Ankit Jain filed India’s first class action lawsuit alleging ₹2,500 crore was siphoned from Jindal Poly Films. Now he has sold his shares and withdrawn from the case entirely. The National Company Law Tribunal faces an unprecedented procedural question: can a substitute petitioner rescue a class action when the original lead plaintiff abandons ship?

The contradiction cuts deeper than case law. Jain’s exit application, filed in January 2026, reveals he disposed of his entire shareholding in Jindal Poly Films sometime after initiating the landmark suit in 2023. The timing raises questions about commitment to the very shareholders he claimed to represent. Class actions depend on the lead plaintiff maintaining skin in the game throughout proceedings.

The NCLT has admitted Jain’s withdrawal application but deferred the critical question of substitution. Under the Companies Act 2013, oppression and mismanagement cases require the petitioner to hold shares at filing and maintain that position. What happens when they don’t? The statute provides no clear answer for mid-case exits, particularly in representative actions affecting thousands of minority shareholders.

Two other shareholders have applied to step in as substitute petitioners. Their applications remain pending while the tribunal grapples with procedural gaps in India’s class action framework. The absence of established substitution rules creates legal uncertainty for future representative litigation.
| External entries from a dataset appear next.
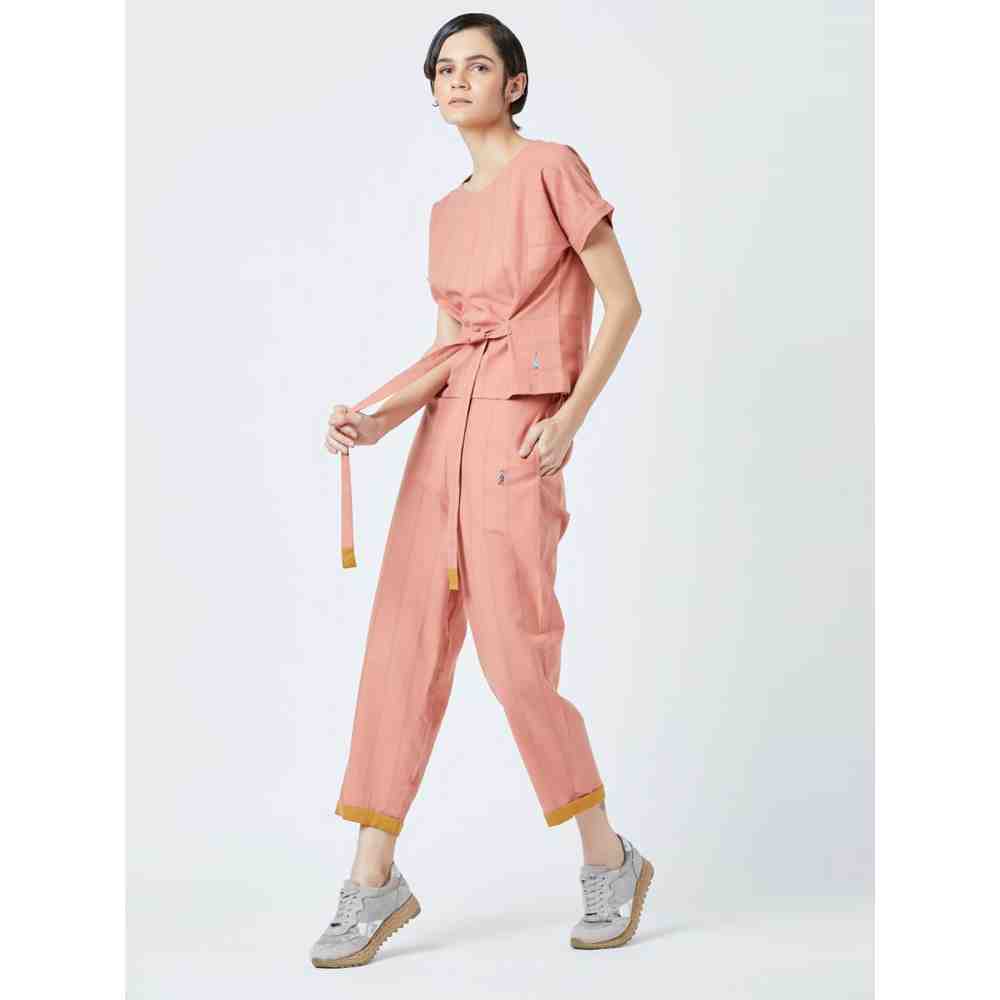 Doodlage Peach Fildes Striped Top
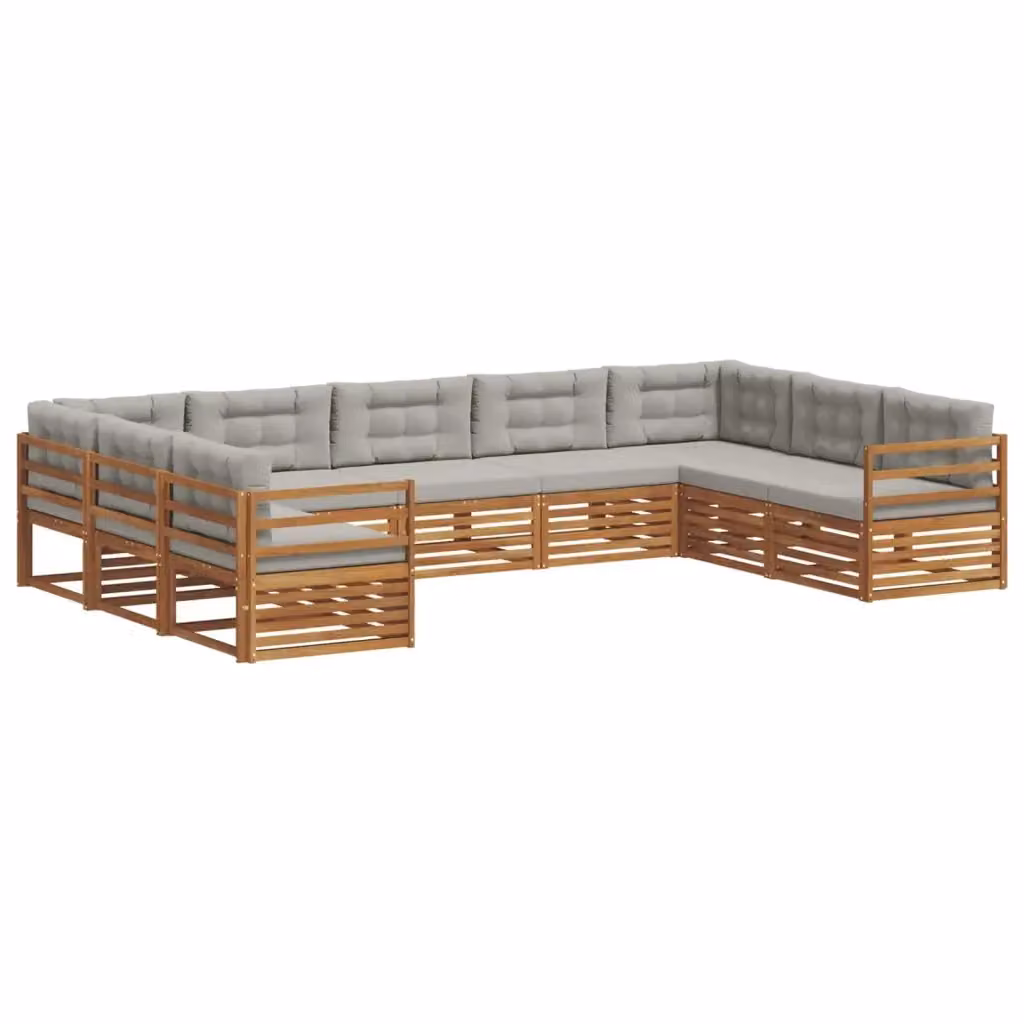Set di divani da esterno a L vidaXL in legno di acacia con cuscini grigi, 9 pezzi – 2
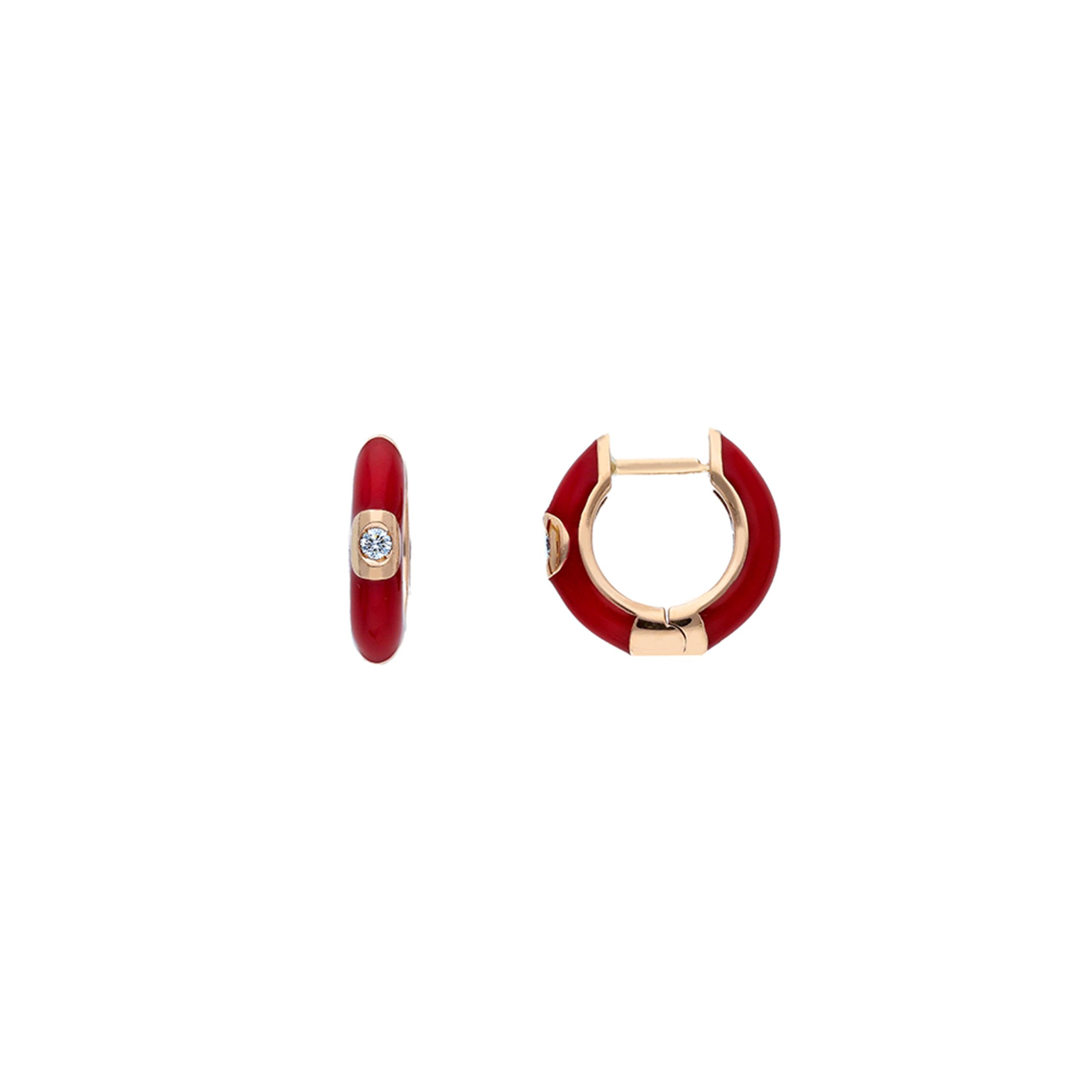 Emaille Diamant Hoops – Rot – Roségold Jetzt online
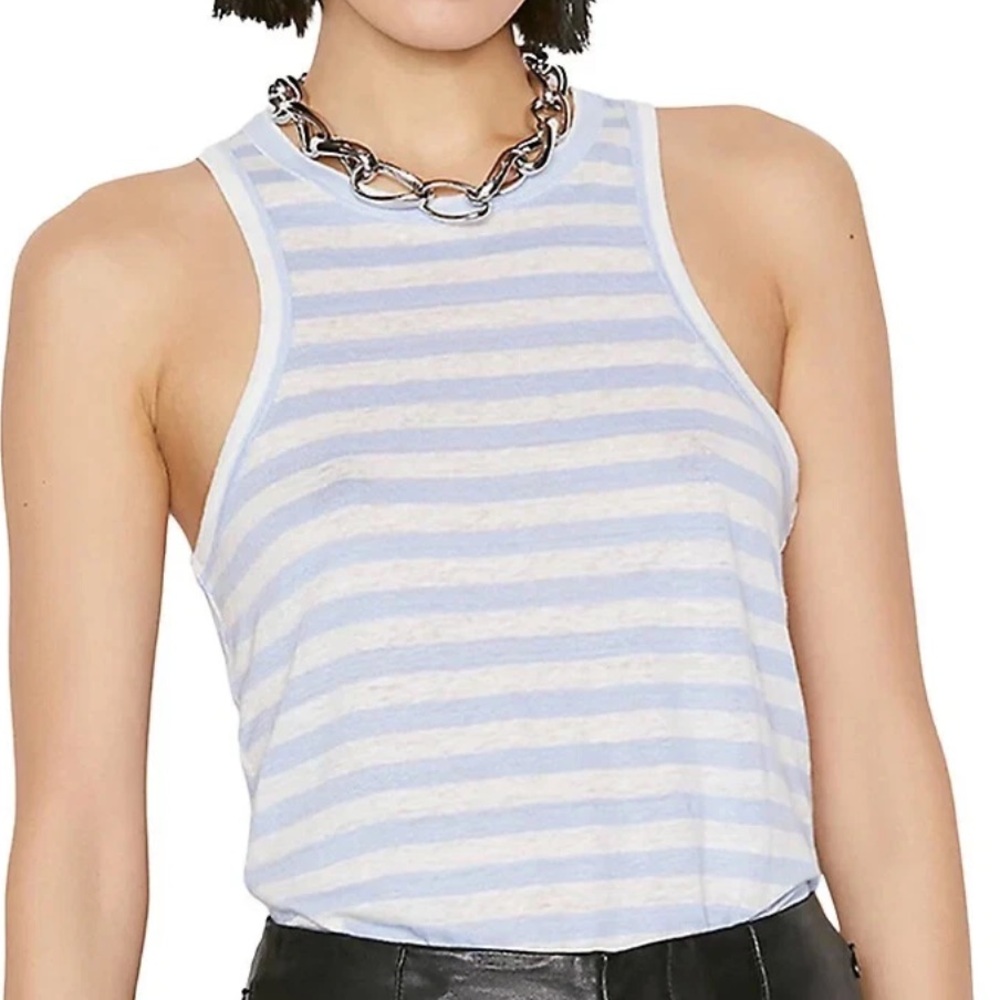 💜 FRAME RINGER ORGANIC LINEN STRIPE TANK TOP 💜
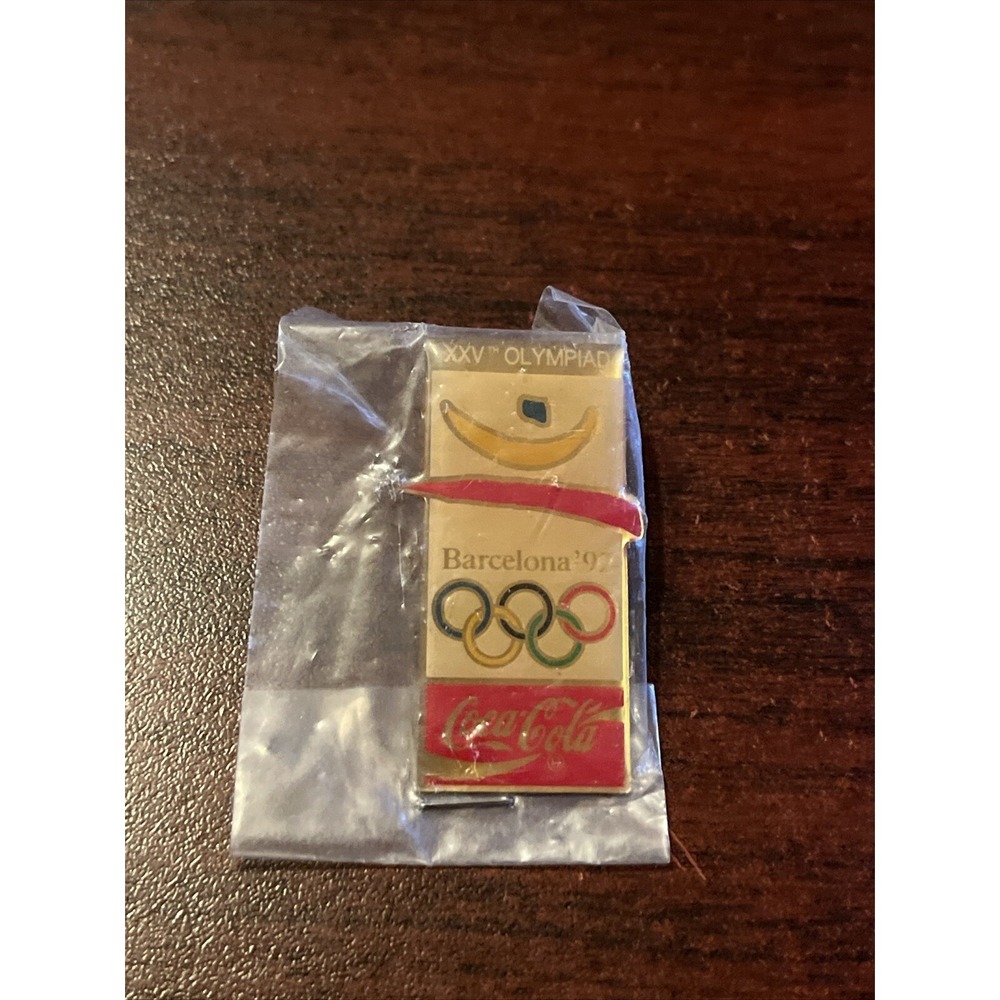 Vintage 1992 Coca-Cola Coke Barcelona Olympics XXV Olympiad Lapel Hat Pin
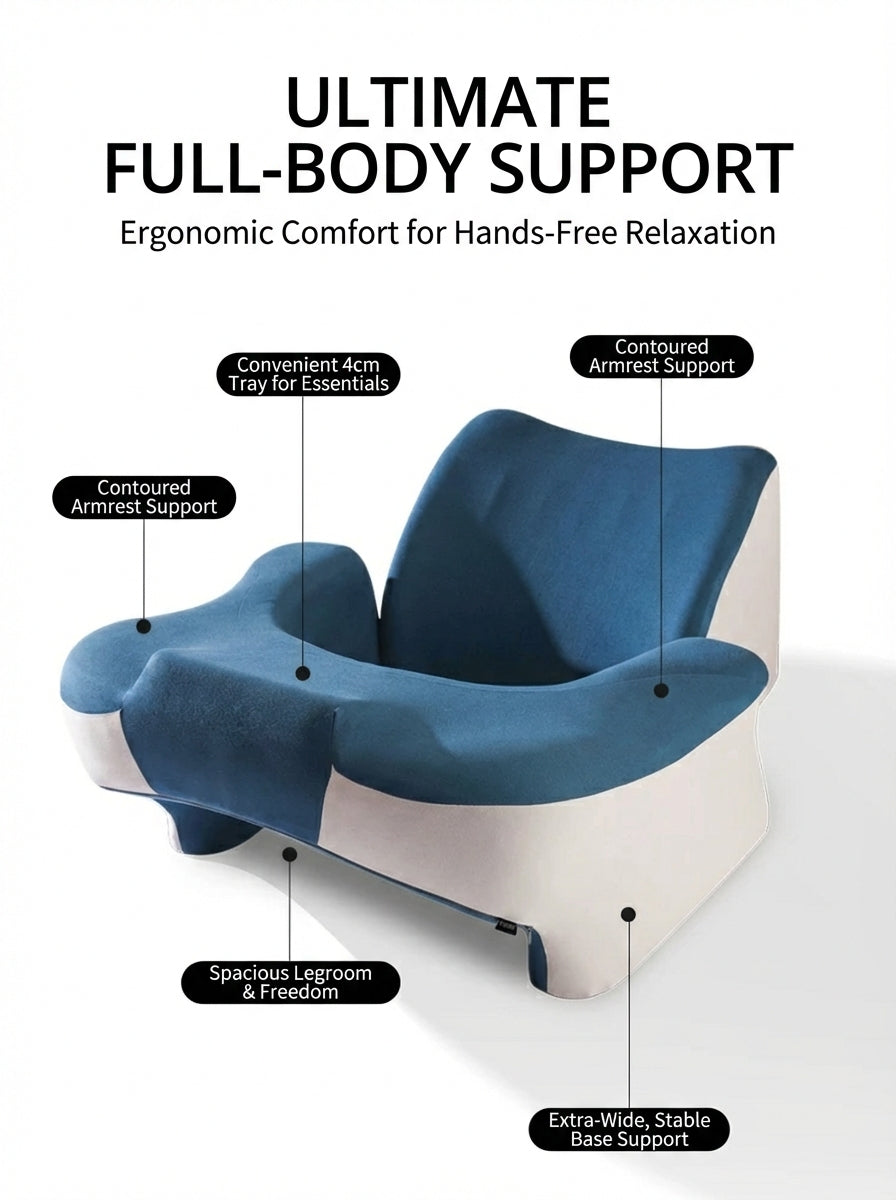 Ergonomic Memory Foam Reading Pillow & Bed Lounge Cushion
The underlying allegations remain serious. The original petition claimed promoters and management siphoned funds through related party transactions, inflated expenses, and questionable investments. These are textbook corporate governance failures that minority shareholders struggle to challenge individually. Class actions were designed to solve exactly this collective action problem.

Jain’s share sale during active litigation suggests either a loss of confidence in the case or an exit strategy that prioritizes personal liquidity over shareholder representation. Neither interpretation inspires confidence in the lead plaintiff model for corporate accountability in India.

The procedural mess exposes a fundamental flaw in India’s approach to derivative and class action suits. The Companies Act borrowed concepts from more mature jurisdictions without building adequate safeguards against plaintiff abandonment. Courts in Delaware and other established forums have developed extensive case law on lead plaintiff substitution, fiduciary duties, and case management. India’s framework lacks these protections.

The tribunal’s decision on substitution will set precedent for all future class actions in corporate disputes. If substitution is denied, the case collapses despite valid underlying claims. If approved without strict criteria, it opens the door to strategic manipulation of lead plaintiff positions.

My Boardroom Takeaway:

Directors should note this case exposes critical gaps in India’s minority shareholder protection framework. The lead plaintiff abandonment creates uncertainty about the enforceability of representative actions against management misconduct. Boards may wish to monitor how the NCLT resolves the substitution question, as it will affect the credibility of future class action threats.

The procedural confusion also suggests boards should take proactive steps to address shareholder concerns before they escalate to representative litigation. A strong investor relations framework and transparent related party transaction policies remain the best defense against class action risks, regardless of how the courts resolve these procedural questions.